The Shanghai-Hangzhou high-speed magnetic levitation railway may list shares as well as seek private and foreign investment to raise funds for its construction, the Shanghai Securities News reported Friday, citing a government official.
Zhou Yupeng, vice mayor of Shanghai, said the project's budget is estimated at 35 billion yuan (US$4.37 billion). "We are considering seeking funds in many ways," the report quoted him as saying.
Zhou added he didn't know when the construction work would start, but the railway is expected to go into operation before 2010, when Shanghai hosts the World Expo, said the report.
The National Development and Reform Commission said mid-March the State Council had approved the Shanghai-Hangzhou railway project.
The normal speed of the magnetic levitation railway will be 450 kilometers per hour, but it will be limited to less than 200 kilometers per hour in downtown areas.
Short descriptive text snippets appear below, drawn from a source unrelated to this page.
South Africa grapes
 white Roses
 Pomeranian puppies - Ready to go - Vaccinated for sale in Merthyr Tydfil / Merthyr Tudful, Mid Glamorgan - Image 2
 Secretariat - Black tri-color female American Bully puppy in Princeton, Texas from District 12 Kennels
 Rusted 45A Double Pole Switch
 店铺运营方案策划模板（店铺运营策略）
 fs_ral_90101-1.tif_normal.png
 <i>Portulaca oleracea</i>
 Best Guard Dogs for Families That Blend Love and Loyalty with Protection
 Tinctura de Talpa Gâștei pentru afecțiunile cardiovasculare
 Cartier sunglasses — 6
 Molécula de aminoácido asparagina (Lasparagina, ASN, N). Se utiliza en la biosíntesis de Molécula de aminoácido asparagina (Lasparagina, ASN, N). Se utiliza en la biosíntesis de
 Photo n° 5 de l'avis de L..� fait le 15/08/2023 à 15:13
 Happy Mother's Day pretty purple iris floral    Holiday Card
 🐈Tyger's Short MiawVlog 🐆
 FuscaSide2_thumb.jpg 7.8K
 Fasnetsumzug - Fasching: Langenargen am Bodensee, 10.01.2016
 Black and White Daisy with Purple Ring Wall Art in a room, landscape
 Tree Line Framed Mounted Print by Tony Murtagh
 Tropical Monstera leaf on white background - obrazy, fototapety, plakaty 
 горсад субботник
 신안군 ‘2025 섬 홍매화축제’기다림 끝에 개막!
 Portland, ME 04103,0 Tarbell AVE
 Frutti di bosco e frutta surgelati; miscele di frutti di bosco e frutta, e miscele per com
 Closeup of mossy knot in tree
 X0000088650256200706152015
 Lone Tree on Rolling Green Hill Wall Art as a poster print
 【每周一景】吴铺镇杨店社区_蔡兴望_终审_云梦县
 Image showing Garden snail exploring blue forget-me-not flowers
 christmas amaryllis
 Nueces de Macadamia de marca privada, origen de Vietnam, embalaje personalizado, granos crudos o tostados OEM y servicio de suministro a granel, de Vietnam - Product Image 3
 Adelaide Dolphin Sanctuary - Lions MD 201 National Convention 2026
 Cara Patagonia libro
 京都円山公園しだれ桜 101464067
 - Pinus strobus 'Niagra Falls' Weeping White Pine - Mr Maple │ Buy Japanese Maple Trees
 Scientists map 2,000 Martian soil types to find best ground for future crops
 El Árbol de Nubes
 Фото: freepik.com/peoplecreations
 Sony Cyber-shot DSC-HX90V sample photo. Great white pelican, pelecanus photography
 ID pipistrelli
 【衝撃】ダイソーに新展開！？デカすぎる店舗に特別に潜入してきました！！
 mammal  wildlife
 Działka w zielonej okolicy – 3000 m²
It will take passengers only half an hour to travel the 175 kilometers from Shanghai to Hangzhou.
Xinhua quoted a member of the National People's Congress as saying the project would use German technology that levitates a train above a magnetized track, known as maglev.
The line would be the second in the country after one built by Transrapid, which groups ThyssenKrupp, Siemens AG and the German Government, that runs from Shanghai's international airport to the outskirts of its financial district.